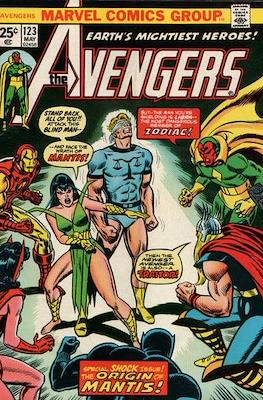 The Avengers Vol. 1 (1963-1996) (Comic Book) #123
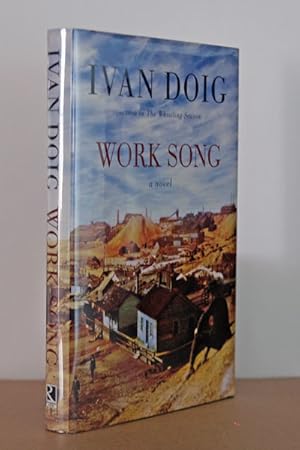 Imagen del vendedor de Work Song a la venta por Beaver Bridge Books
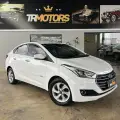 HYUNDAI HB20S 1.6 PREMIUM 16V FLEX 4P AUTOMÁTICO HYUNDAI HB20S 1.6 PREMIUM 16V FLEX 4P AUTOMÁTICO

> _Description of the task_
The listing above must be restated word for word. Its pictures are to be left out.

> _The answer_
 The Avengers Vol. 1 (1963-1996) (Comic Book) #123
 Imagen del vendedor de Work Song a la venta por Beaver Bridge Books
 HYUNDAI HB20S 1.6 PREMIUM 16V FLEX 4P AUTOMÁTICO HYUNDAI HB20S 1.6 PREMIUM 16V FLEX 4P AUTOMÁTICO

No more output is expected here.